113条の追認権、追認拒絶権行使は、関係ない。
●狭義の無権代理と表見代理との関係
両者は互いに独立した制度です。
相手方は、
その選択により
表見代理を主張して⇒本人に責任を問うことができる
又は、
無権代理を主張して⇒無権代理人の責任を問うことができる
(最判昭62.7.7)
と、いうことが、頭のなかが整理できました。
ありがとうございます。
ケバブワゴン様
いつもありがとうございます。
わかりやすいご説明をありがとうございます。
表見代理の
「本人が追認しなかったときでも、特定の3パターンに該当した場合、本人と相手方が有権代理人を介して行ったのと同じ効果(追認があったのと同じ効果)」というところで、理解できました。
具体例がわかりやすかったです。
表見代理は、狭義の無権代理で本人が追認しない場合は、相手方が保護されないことになり、表見代理という制度で、本人に帰責事由がある場合は、相手方を保護しようとしているということが理解できました。
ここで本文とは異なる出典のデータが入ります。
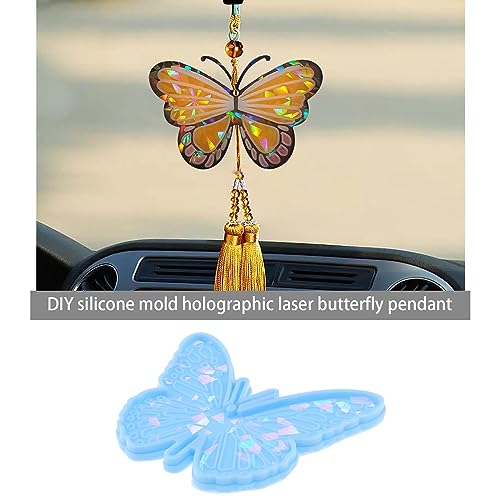 Create idea 3Pcs Holographic Butterfly Moulds Holographic Resin Moulds Epoxy Resin Casting Mould Accessories for DIY Making Pendants Jewelry Crafts Blue - Image 2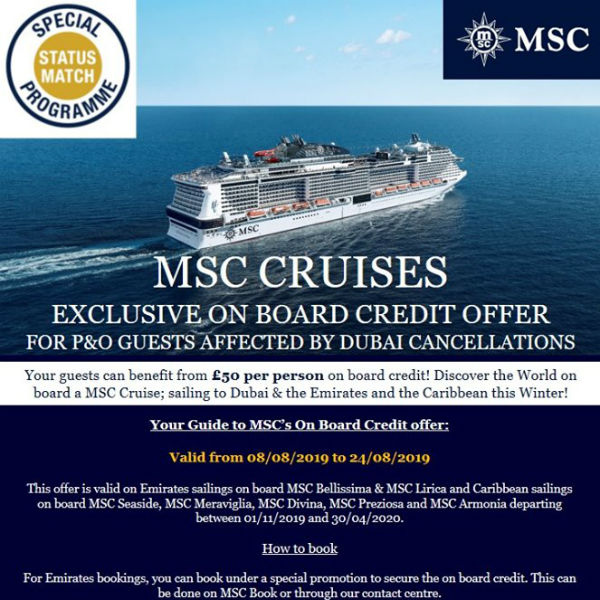 Poster, MSC Cruises, August 2019
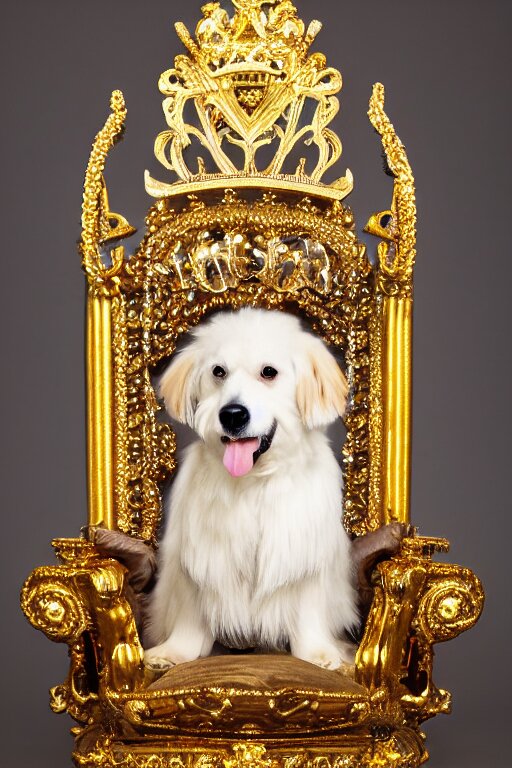 a dog sitting on a gold throne with a crown on its head, photography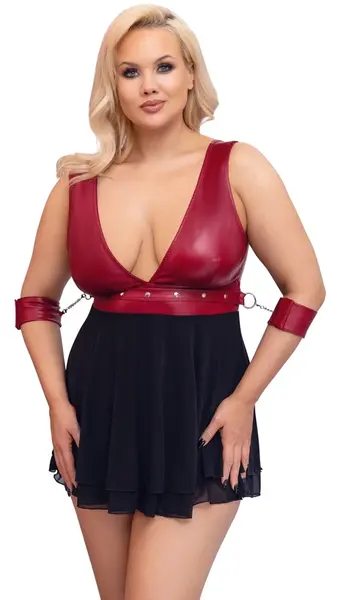Cottelli Bondage Plus Babydoll 4XL Red Matte Look with Adjustable Restraints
条文の表題や章や条文の目次の順番など、おおまかなことは、気にしていましたが、
「条文113条の位置と表見代理の条文の位置に条文の前後の関係で意味があり読み取り方がある」条文の並び方にそのような意味があるとは、考えもしなかったです。すごく勉強になりました。
無権代理と表見代理のことが理解できました。知識が広がりました。
すっきりしました。
ありがとうございます。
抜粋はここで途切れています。